■ What you are asked to do: What must be written out is each line from the one holding "glass_sphere_above_the_water_by_acrylicdreams-dbdfd9c.jpg" through the end of the records, word for word, minus any pictures.

■ Captioned web images:

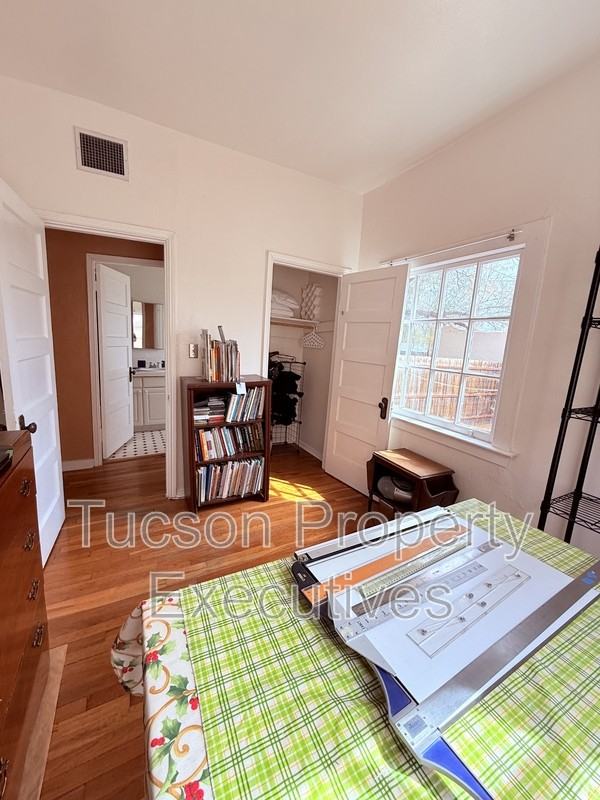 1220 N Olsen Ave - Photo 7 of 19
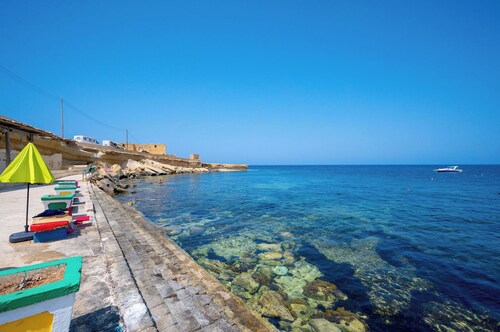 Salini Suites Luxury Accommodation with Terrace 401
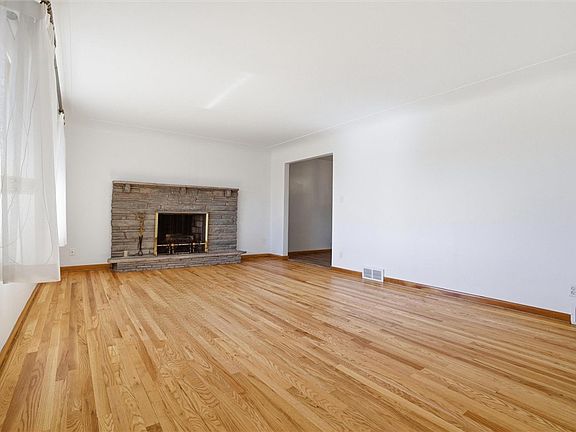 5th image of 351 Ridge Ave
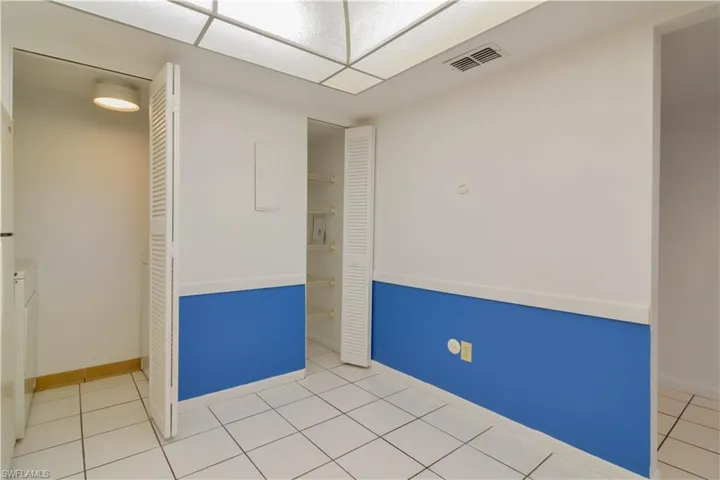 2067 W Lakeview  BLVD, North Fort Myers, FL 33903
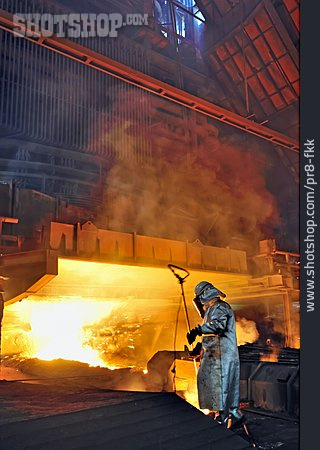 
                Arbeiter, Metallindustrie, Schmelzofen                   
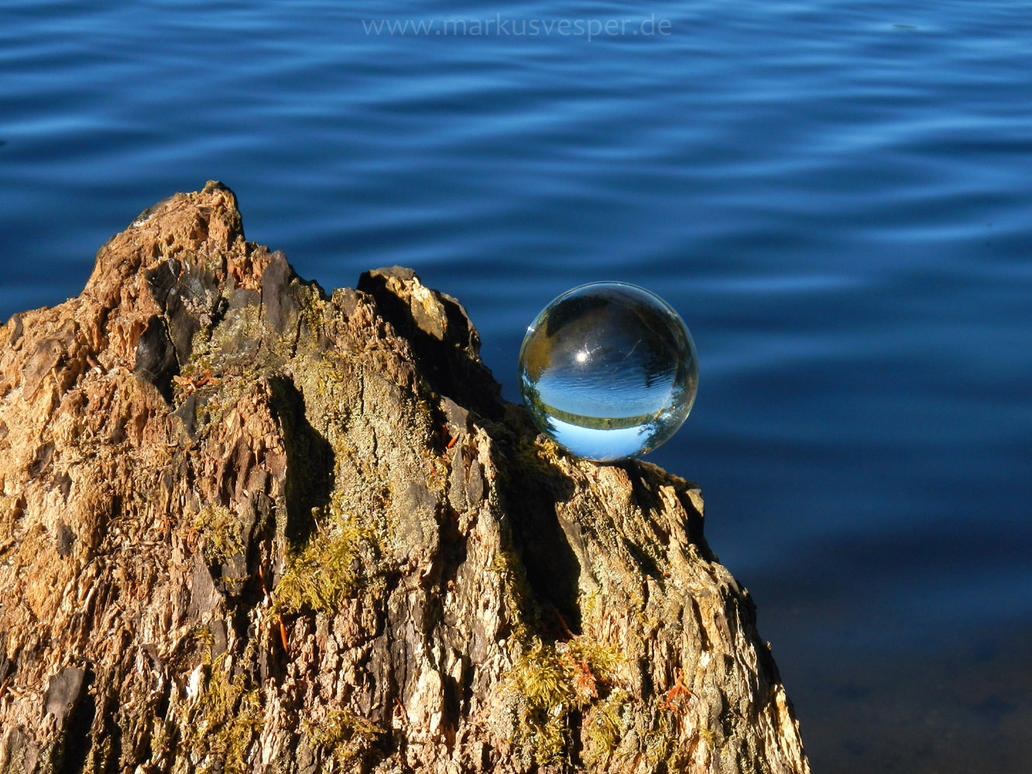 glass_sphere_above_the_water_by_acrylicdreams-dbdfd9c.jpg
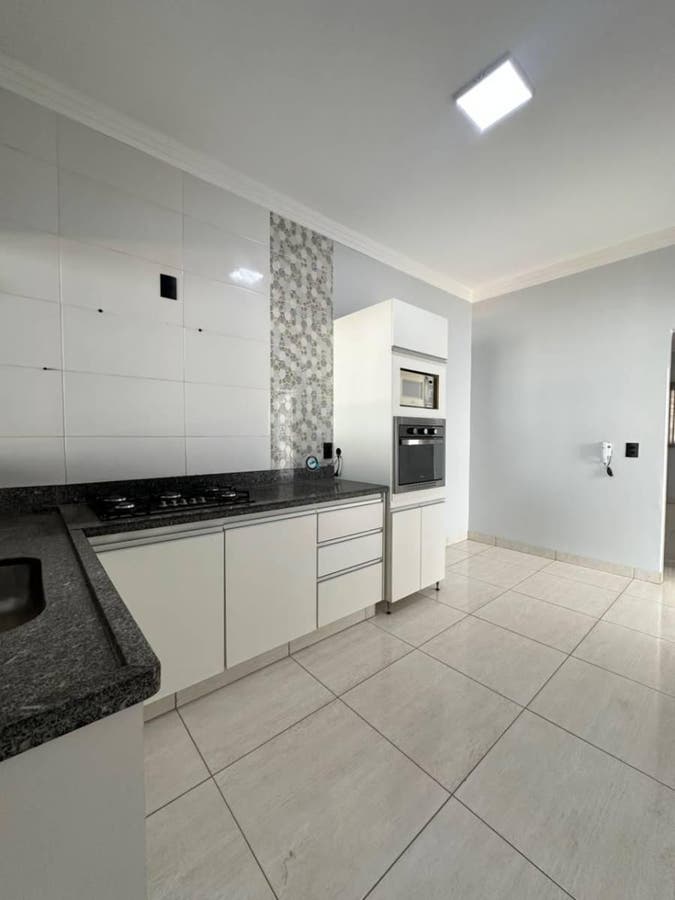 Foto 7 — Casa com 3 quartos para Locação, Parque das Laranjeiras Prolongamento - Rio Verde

■ Task result:
 glass_sphere_above_the_water_by_acrylicdreams-dbdfd9c.jpg
 Foto 7 — Casa com 3 quartos para Locação, Parque das Laranjeiras Prolongamento - Rio Verde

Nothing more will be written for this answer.